The engulfment receptor Draper is required for epidermal dendrite ensheathment

Our experience of the external world is shaped by somatosensory neurons (SSNs) that innervate our skin and mediate responses to a range of environmental stimuli. The precise innervation patterns and response properties of SSNs are determined in part by specialized interactions with resident skin cells. One such interaction involves the preferential ensheathment of some SSNs by epidermal cells, an evolutionarily conserved intercellular interaction that regulates SSN morphogenesis and mechanical nociceptive sensitivity in Drosophila . The morphogenetic events during ensheathment resemble phagocytic engulfment, therefore we hypothesized that phagocytic receptors mediate molecular recognition of neurites to induce ensheathment. From a screen of epidermally expressed phagocytic receptors we found that the nimrod receptor gene Draper ( Drpr ) functions in epidermal cells to promote ensheathment. Endogenous Drpr accumulates at sites of epidermal ensheathment but not at epidermal contact sites with unensheathed neurites.
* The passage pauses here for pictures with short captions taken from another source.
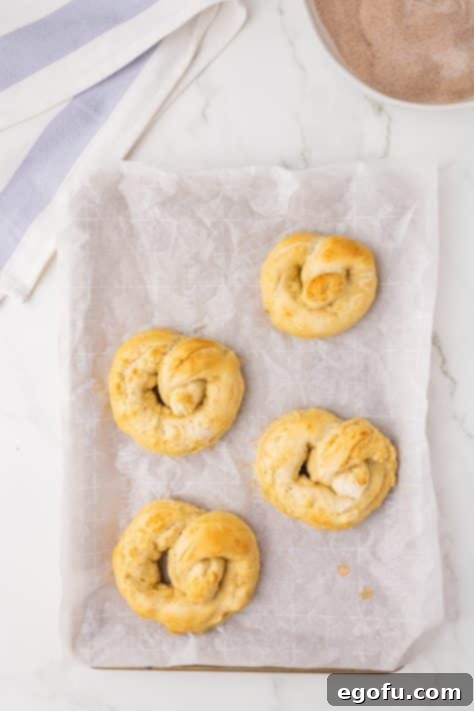 Baked pretzels on a baking sheet.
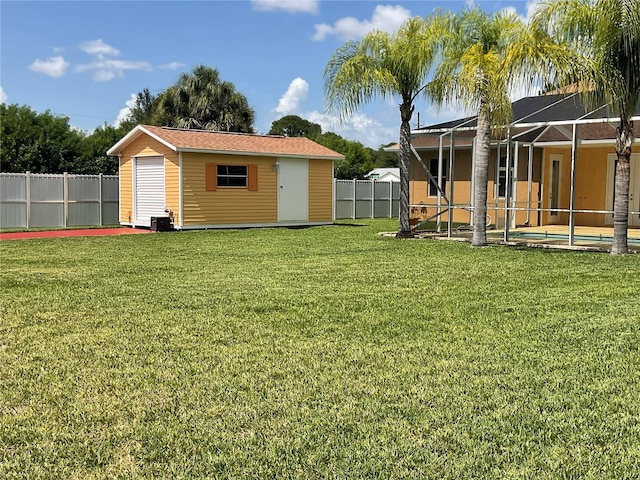 view of yard featuring a pool, glass enclosure, a storage unit, and central air condition unit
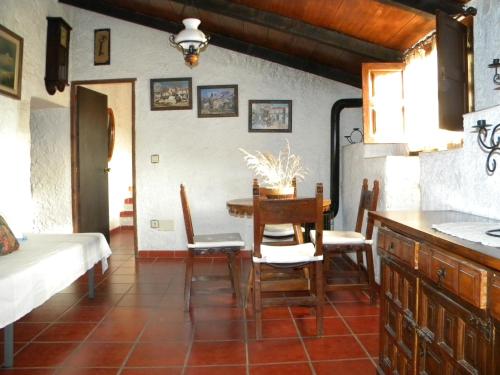 una cucina e una sala da pranzo con tavolo e sedie di Cortijo Pulgarín Bajo ad Alfarnatejo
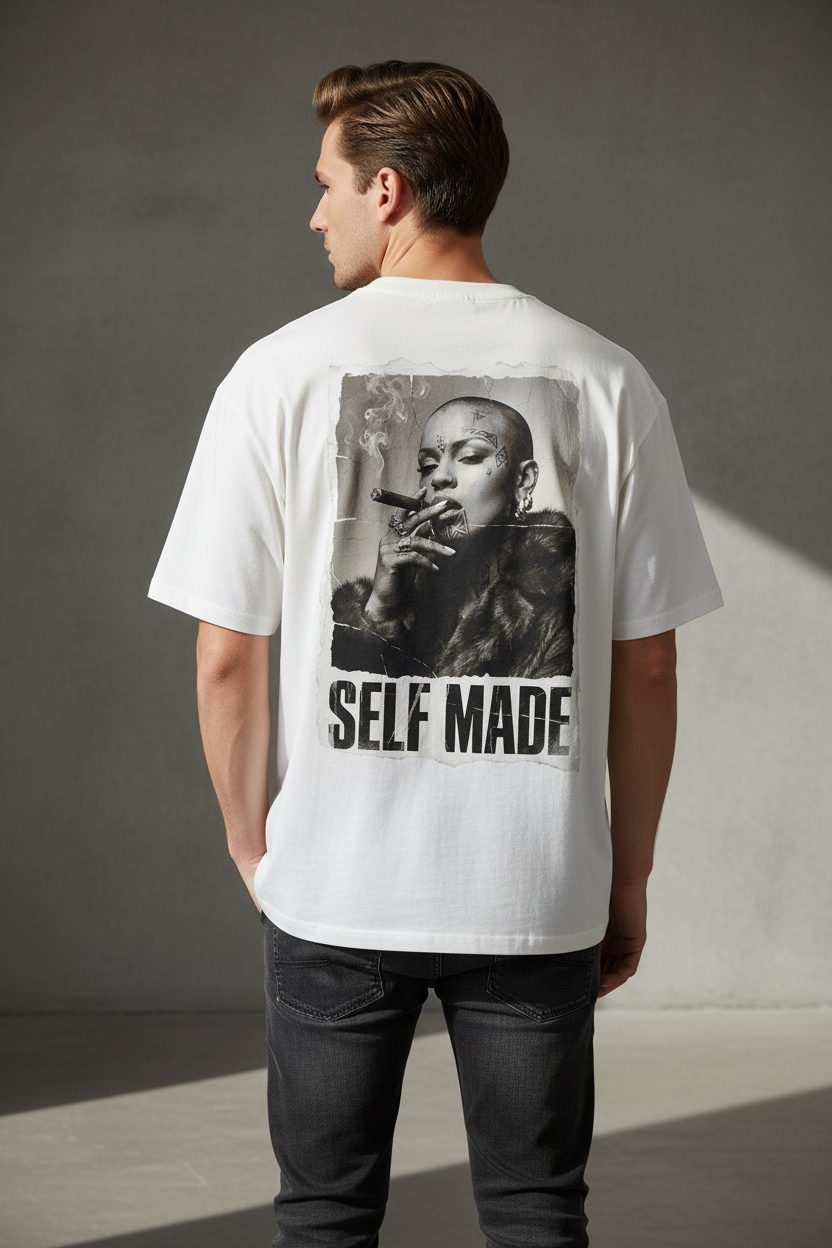 White oversized t-shirt by flyliving with a 'SELF MADE' Boss Lady print featuring a bald woman smoking a cigar, worn from the back.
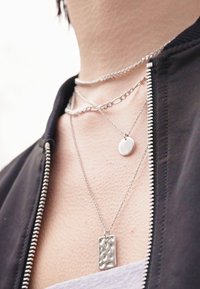 Trois colliers en argent à plusieurs couches : un pendentif rectangulaire texturé, un charme circulaire lisse et une chaîne simple. Porté sur un haut gris.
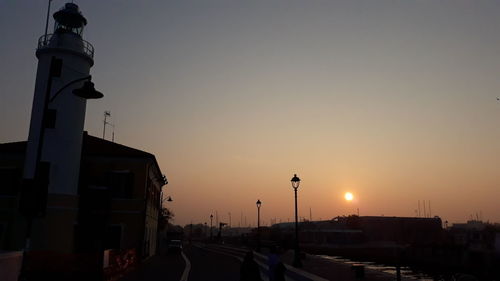 Street amidst buildings against sky during sunset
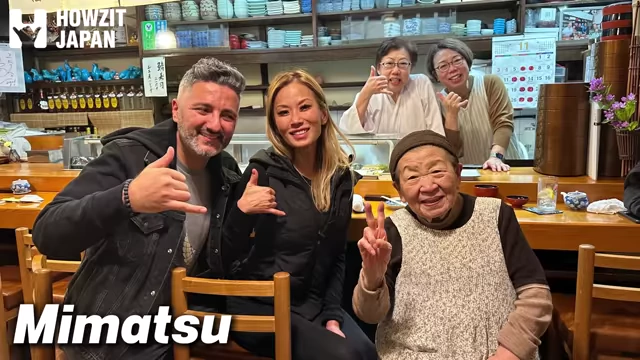 Mimatsu's family-run sushi restaurant staff with guests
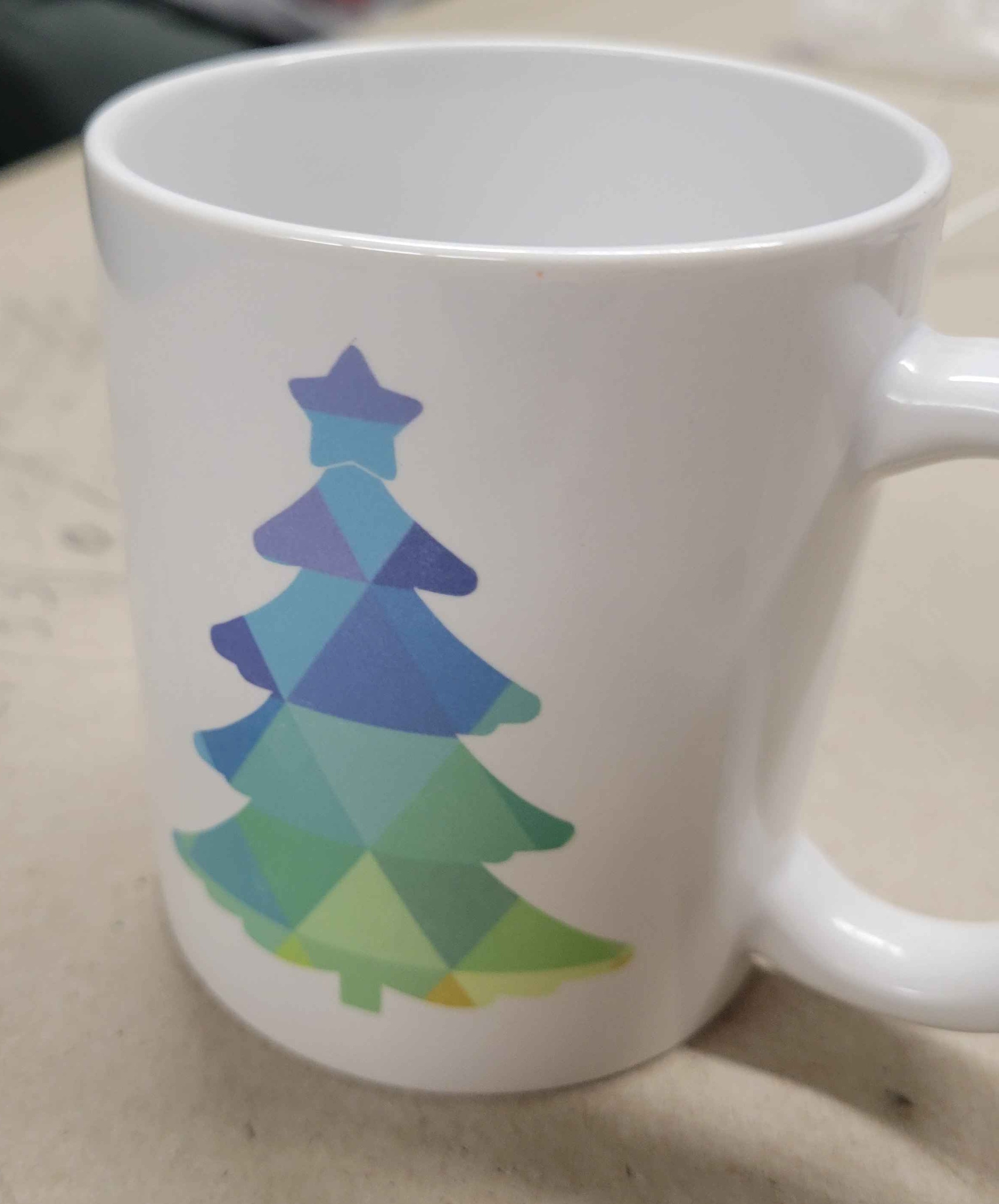 A holiday mug made using the Cricuit vinyl cutter
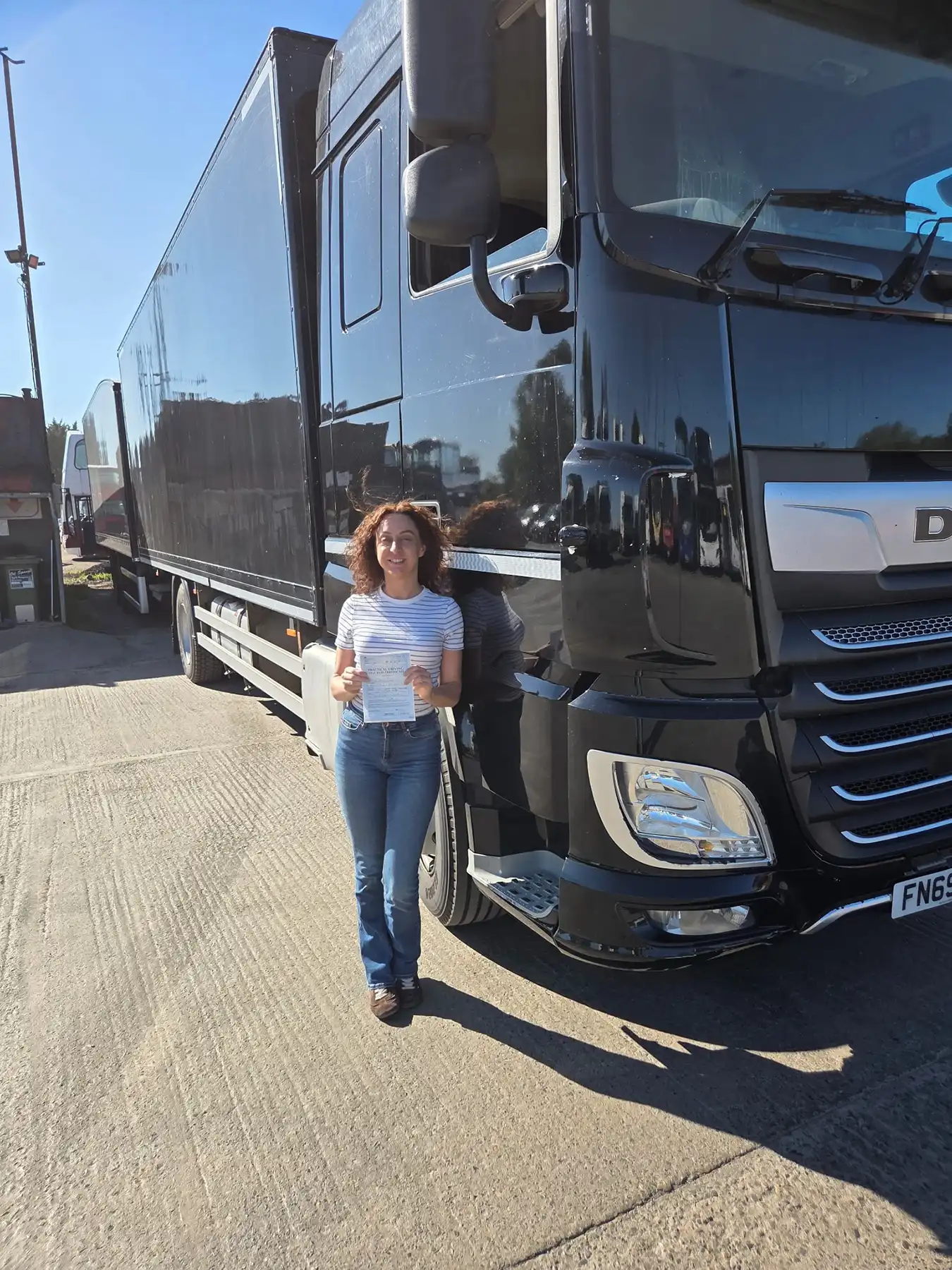 woman next to black lorry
Furthermore, overexpressing Drpr increased ensheathment selectively on neurons that are normally ensheathed, suggesting that molecular recognition by Drpr accounts for the specificity of ensheathment. Indeed, we found that an extracellular reporter for the Drpr ligand Phosphatidylserine (PS) accumulates at sites of ensheathment, and that preventing extracellular PS exposure by overexpressing the PS Flippase ATP8a blocked ensheathment. We additionally found that Orion , which encodes a chemokine-like protein that bridges Drpr-PS interactions, is required for sheath formation. Finally, we found that increasing ensheathment by overexpressing Drpr enhanced nociceptor sensitivity to mechanical stimulus. Altogether, these studies show that Drpr acts in epidermal cells to mediate molecular recognition events that drive ensheathment of neurites marked by extracellular PS.